Linear Regression Functions

  • Mult_LR_Least_squares: Function takes X (design matrix) and y (response vector), and returns maximum likelihood estimates of Beta, sigma^2 and also unbiased estimate of sigma^2
  • Mult_LR_partition_TSS: Given a matrix X of dimensions nx(k+1) and y of dimensions nx1, it returns total sum of squares, regression sum of squares and residual sum of squares.
  • Mult_norm_LR_simul_CI: Given X (design matrix) and y (response vector) and significance level alpha, it returns the simultaneous confidence intervals for each Beta_i that simultaneously hold with probability alpha.
  • Mult_norm_LR_CR: Given X (design matrix) and y (response vector), matrix C of dimensions rx(k+1) with rank r, and significance level alpha, it returns the parameters of the ellipsoid of the 100(1-alpha)% confidence region for C*Beta according to the normal multiple linear regression model.
  • Mult_norm_LR_is_in_CR: Given X (design matrix) and y (response vector), matrix C of dimensions rx(k+1) with rank r, vector c0 of dimensions rx1, and significance level alpha it returns whether c0 is inside the confidence region for C*Beta.
  • Mult_norm_LR_test_general: Given X (design matrix) and y (response vector), matrix C of dimensions rx(k+1) with rank r, vector c0 of dimensions rx1, and significance level alpha it returns whether the hypothesis H0:C*Beta = c0 holds at a significance level alpha.
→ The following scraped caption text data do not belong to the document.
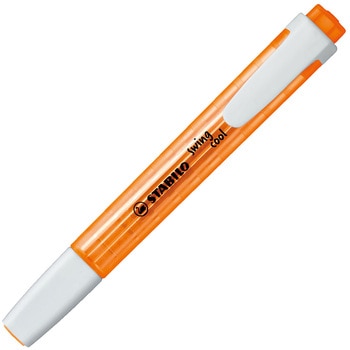 蛍光ペン スイングクール6色セット STABILO(スタビロ)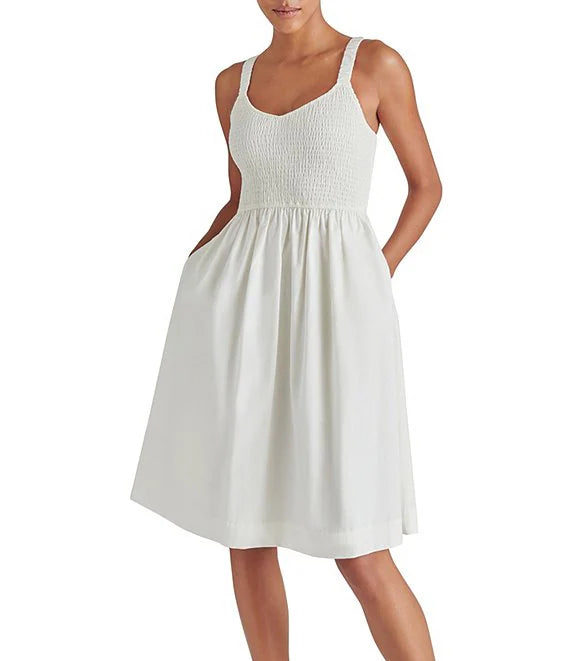 Fleur Dress - Antique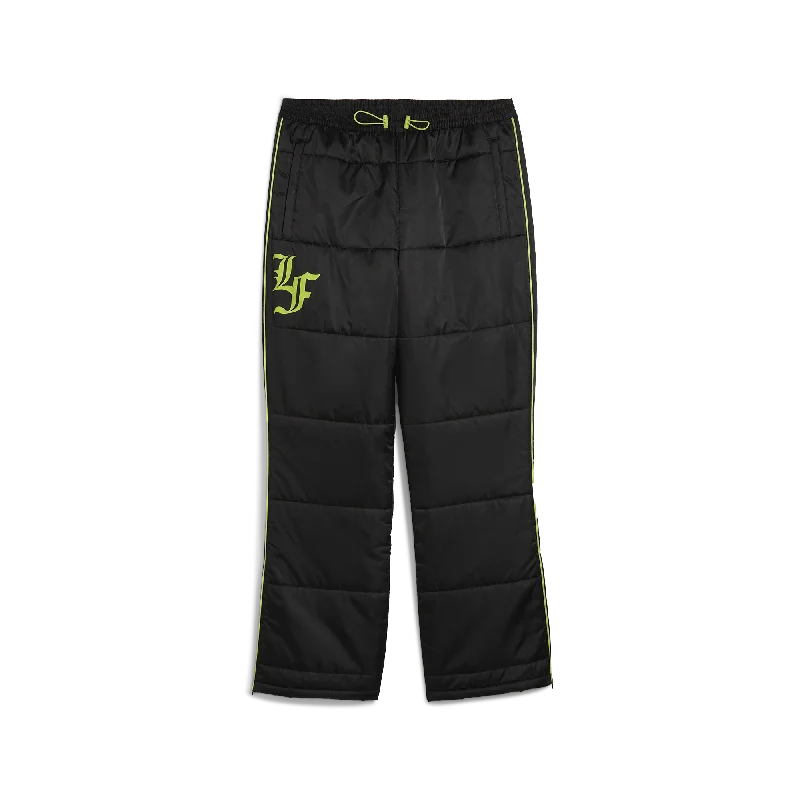 Hoops x LaFrance Green Ski Pant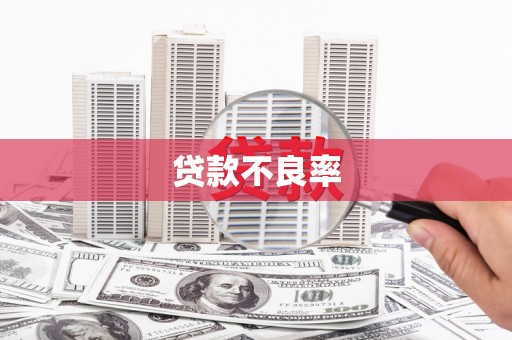 牧野贷款不良率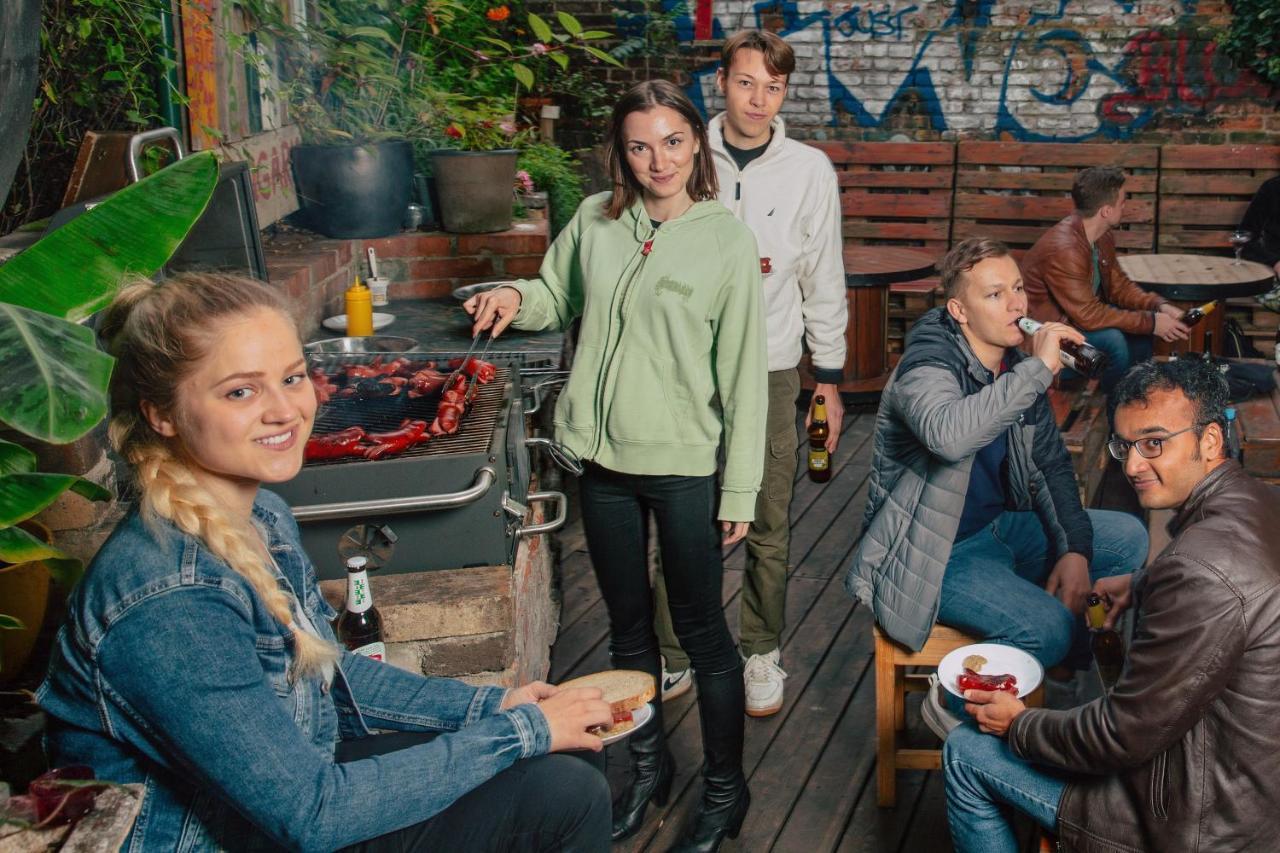 Hostel Elf Prague Luaran gambar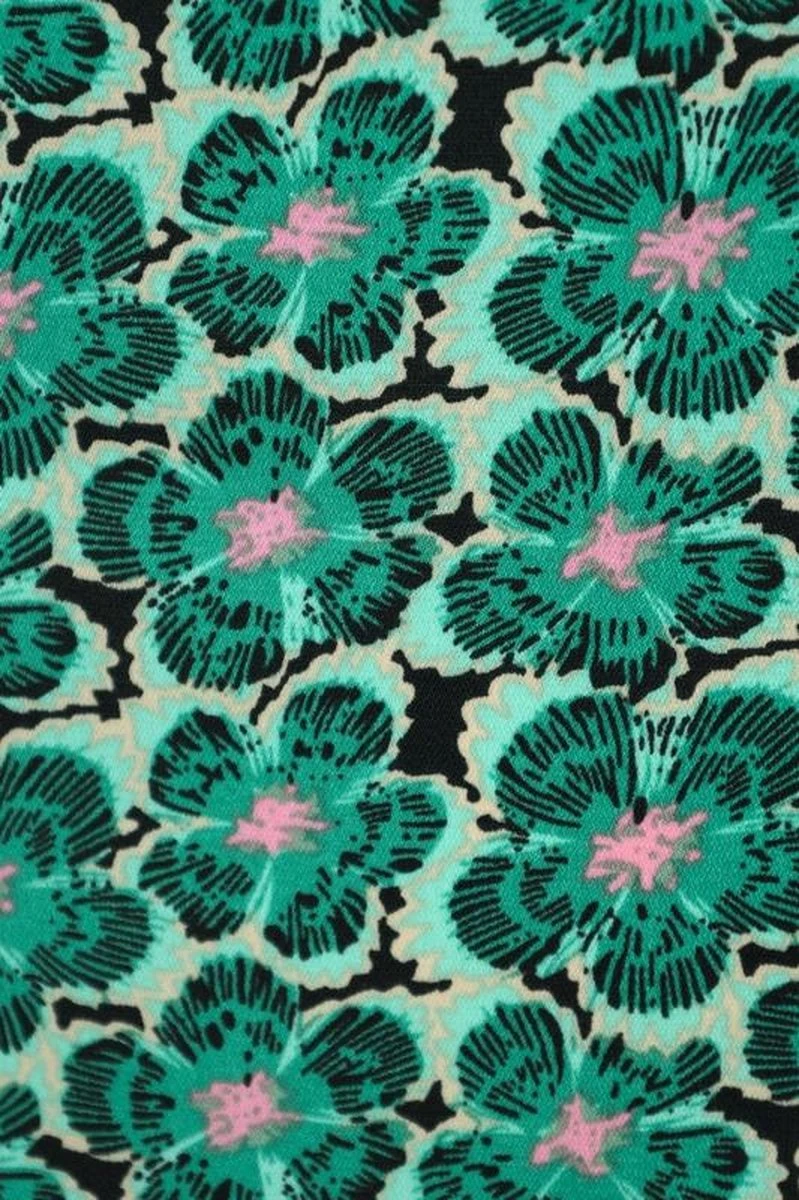 Femme9 Jurk Lissy Wrap Dress With Tie Multicolor Dames Maat - S 3 Femme9 Jurk Lissy Wrap Dress With Tie Multicolor Dames Maat - S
  • Mult_norm_LR_test_comp: Given X (design matrix) and y (response vector), j1,j2,...,jr with each j_i is inside {0,...,k} and a significance level alpha, it returns the outcome of hypothesis H0: Beta_j1=0, Beta_j2=0,..., Beta_jr=0 at alpha.
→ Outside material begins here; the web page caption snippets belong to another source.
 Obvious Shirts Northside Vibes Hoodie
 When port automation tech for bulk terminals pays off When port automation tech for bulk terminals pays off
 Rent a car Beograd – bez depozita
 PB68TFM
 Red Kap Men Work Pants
  • Mult_norm_LR_test_linear_reg: Given X (design matrix) and y (response vector), and significance level alpha, it returns whether there is linear regression at all. (in other words, it returns if at least one of the Beta_i's is significant)
  • Mult_norm_LR_pred_CI: Given X (design matrix) and y (response vector), matrix D of dimensions mx(k+1), a significance level alpha, and a method (which can be Bonferroni, Scheffe or Best), and return simultaneous confidence bounds for d_i*Beta for all i=1,2,...,m that hold simultaneously with probability 1-alpha.